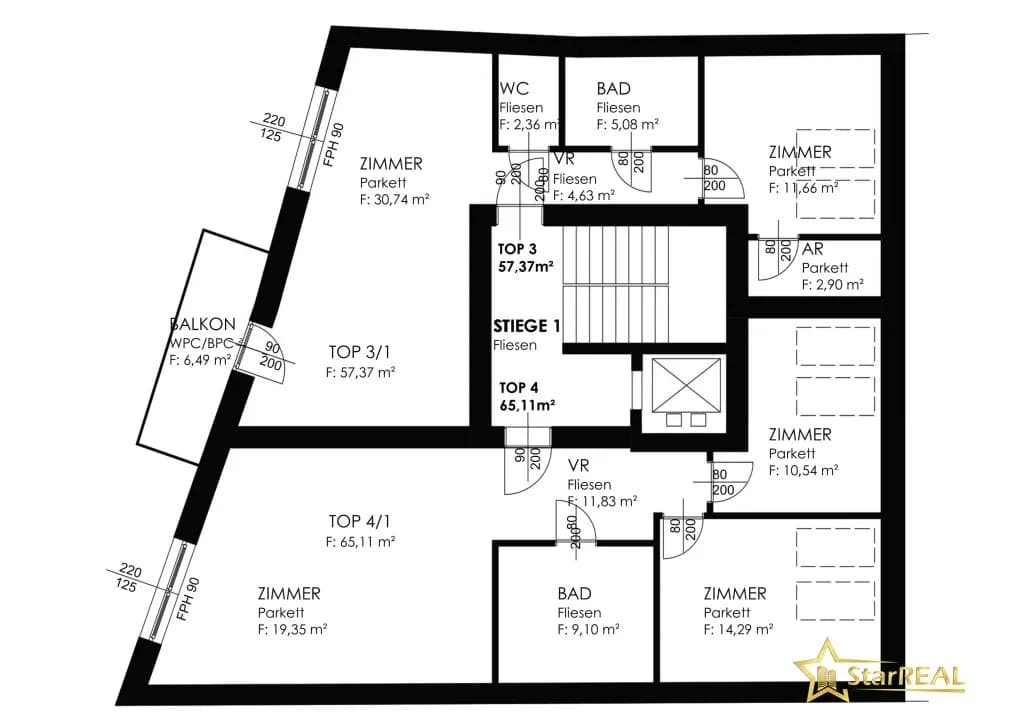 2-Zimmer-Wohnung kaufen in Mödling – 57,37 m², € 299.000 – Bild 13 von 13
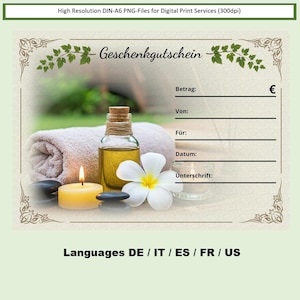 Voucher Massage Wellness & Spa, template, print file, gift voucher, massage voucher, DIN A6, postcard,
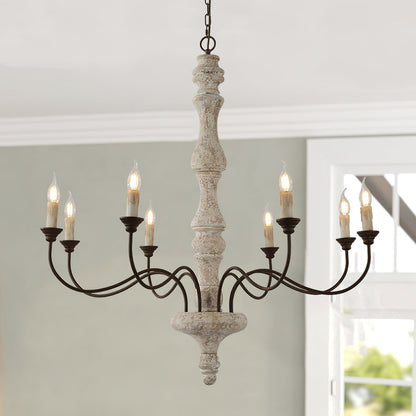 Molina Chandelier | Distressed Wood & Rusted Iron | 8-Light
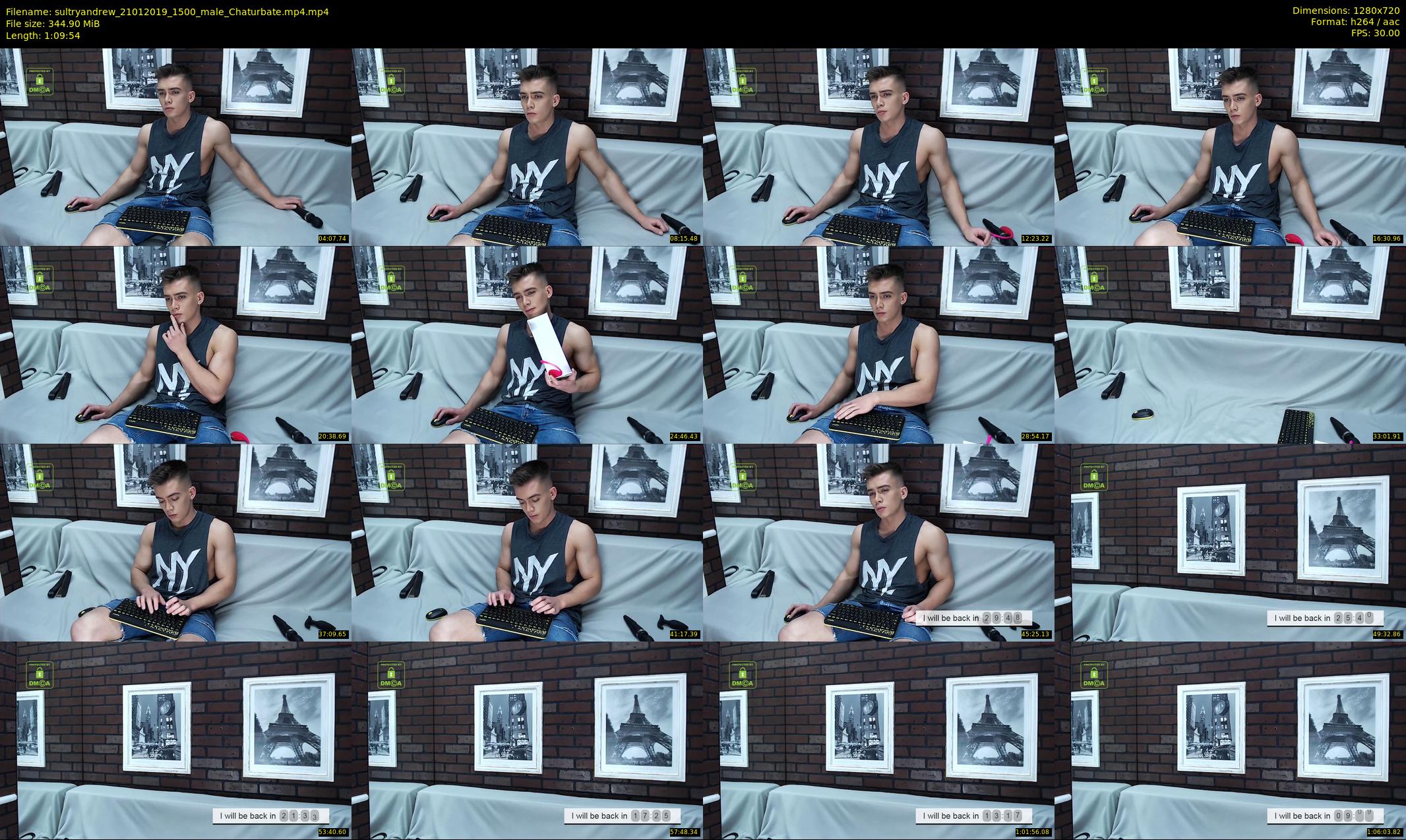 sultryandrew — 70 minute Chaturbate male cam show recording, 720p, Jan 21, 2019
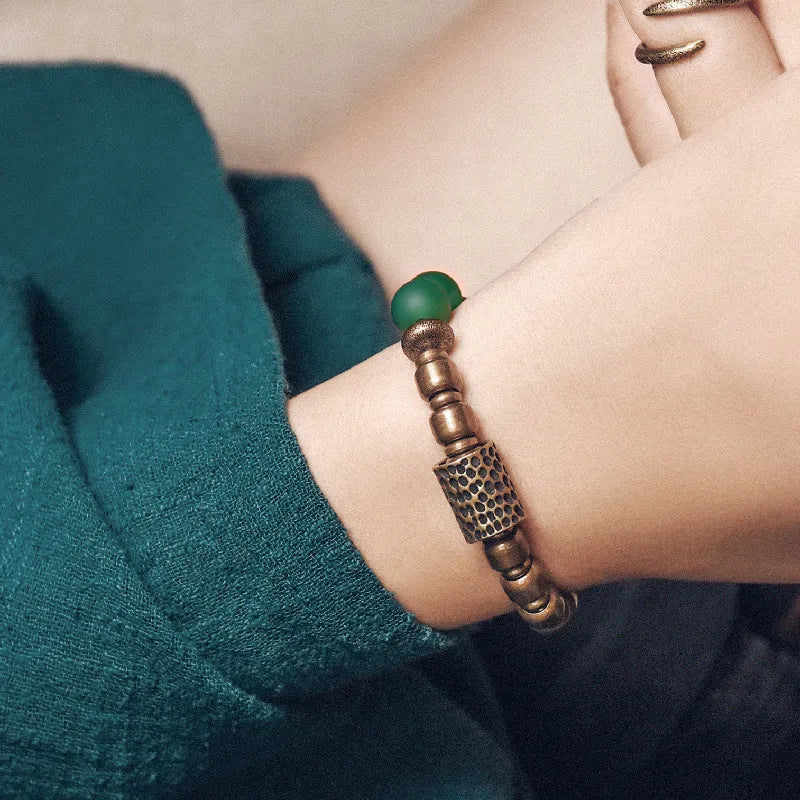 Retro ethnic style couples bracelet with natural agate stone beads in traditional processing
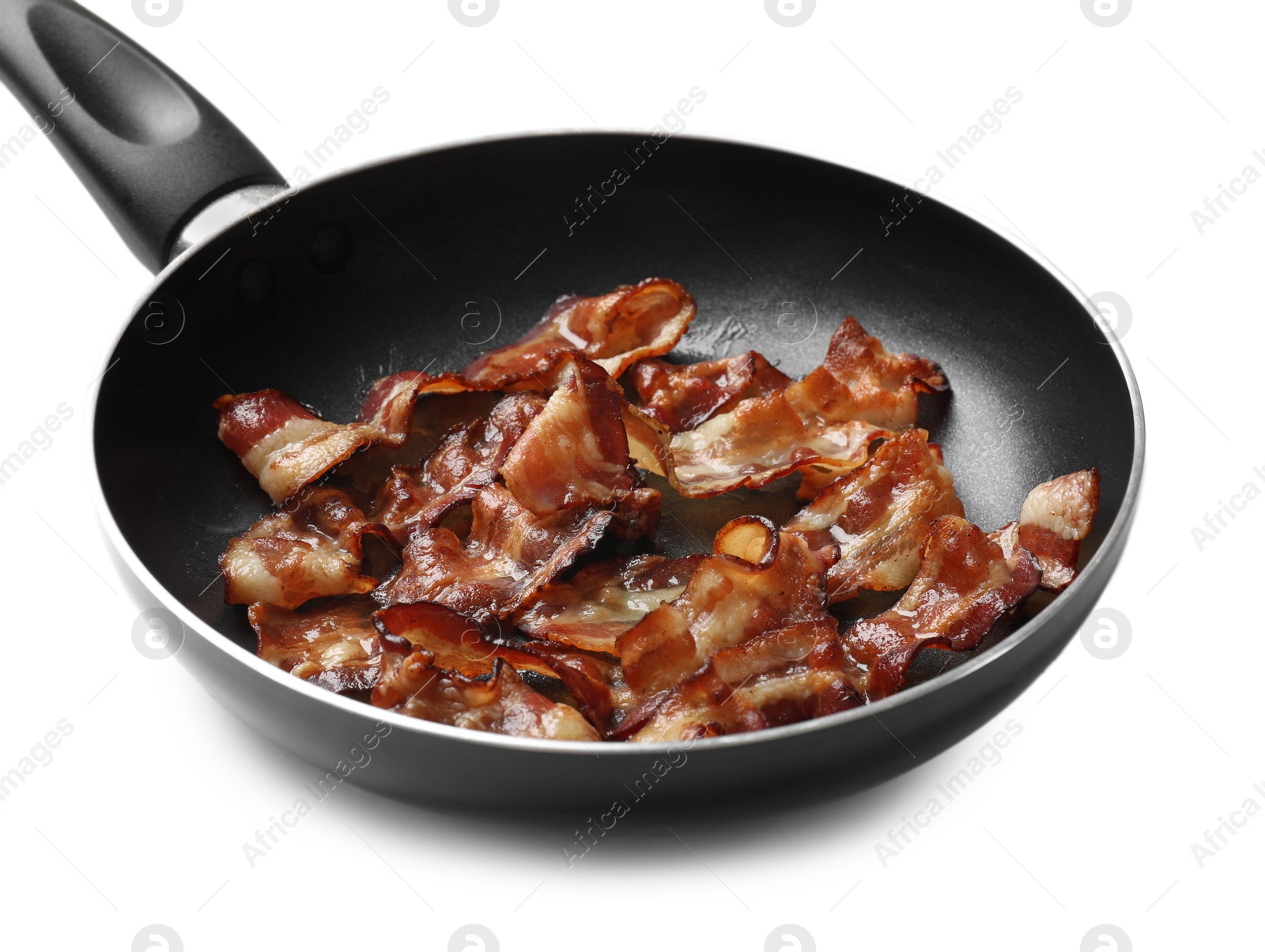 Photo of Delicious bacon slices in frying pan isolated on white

════════════════════

* [Requirement]:
Retype exactly the lines above, starting at the line containing "Molina Chandelier |" and ending with the last line, both included; leave out the pictures.

* [Task answer]:
 Molina Chandelier | Distressed Wood & Rusted Iron | 8-Light
 sultryandrew — 70 minute Chaturbate male cam show recording, 720p, Jan 21, 2019
 Retro ethnic style couples bracelet with natural agate stone beads in traditional processing
 Photo of Delicious bacon slices in frying pan isolated on white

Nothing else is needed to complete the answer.